Pyra: Wczoraj oglądałem film o Fergusonie: Never Give In.
I muszę powiedzieć jedno, Fegruson nie był najlepszym taktykiem, nie był najlepszym trenerem, on był najlepszym psychologiem i potrafił najlepiej zarządzać grupą. Dlatego tyle osiągnął. Każdy gracz grał u niego na 100% swoich umiejętności.
Planował kadrę na kilka sezonów do przodu, sprawił że z akademii wychodziły perełki na lata.
Ogólnie był trochę tyranem, wywiad jak tłumaczył dziennikarzowi, że 18latków musi najbardziej piłować, bo media takich młodych tylko chwalą i on musi ich jechać bo inaczej popadną w samozachwyt.

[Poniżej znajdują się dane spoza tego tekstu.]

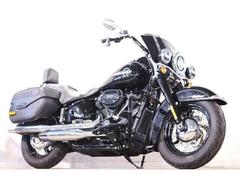 ＨＡＲＬＥＹ−ＤＡＶＩＤＳＯＮ　ＦＬＨＣＳ　ソフテイル　ヘリテイジクラシック１１４　純正ＯＰシーシーバー　ラゲッジラック　エンジンガード　ヒールシフターレバー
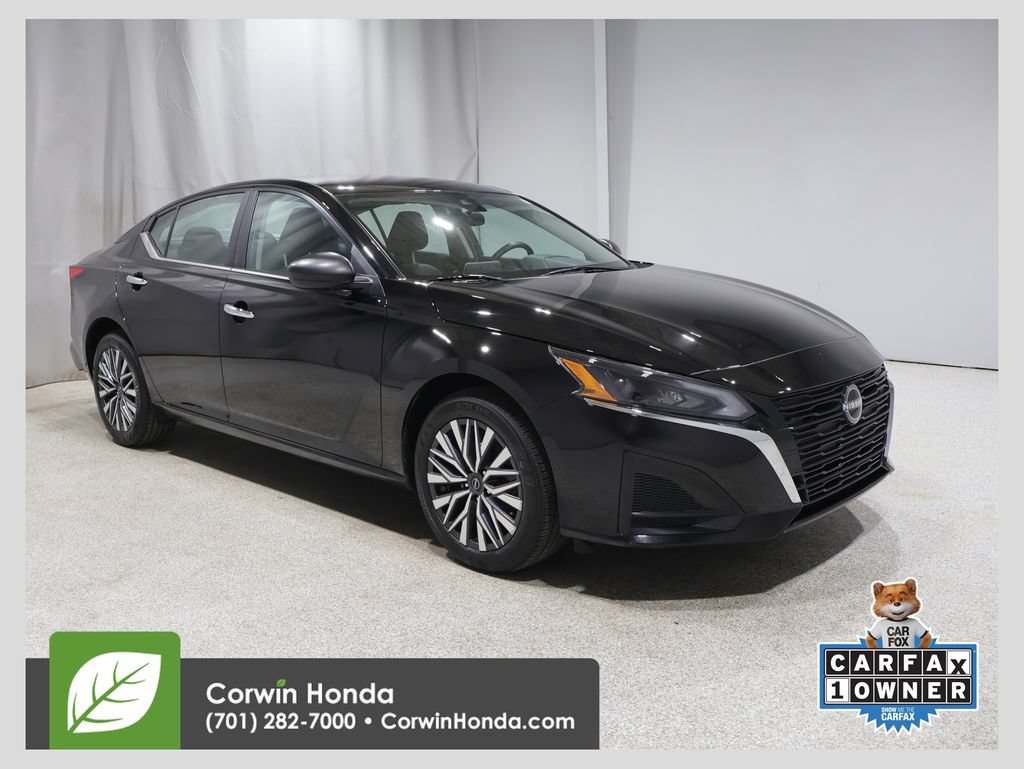 Used 2025 Nissan Altima 2.5 SV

Tak samo podczas spotkania nie mogą zdarzać się słabe zagrania, bo później to wchodzi w krew i trzeba na bieżąco upominać swoich zawodników. Każdy musi dawać z siebie 100% zawsze.
Jak sobie przypomnę na ławce Ole, to on miał tyle wspólnego z Fergim co ja z Jordanem. Ciepła klucha, wiecznie przyspawana do ławki, to nie mogło się udać.
Erik chyba najbardziej przypomina Alexa, tamten też miał swoją wizję (powtarzał to przez cały film) i robił wszystko by do tego doprowadzić, nie patyczkował się z "gwiazdami", był bezkompromisowy, cierpliwie czekał i wymagał od wszystkich określonych standardów.
Dlatego ja jestem spokojny, tak jak Alex robił wyniki z Aberdeen ponad stan, tak Erik wprowadził Ajax na salony i w United krok po kroku wróci na swoje miejsce.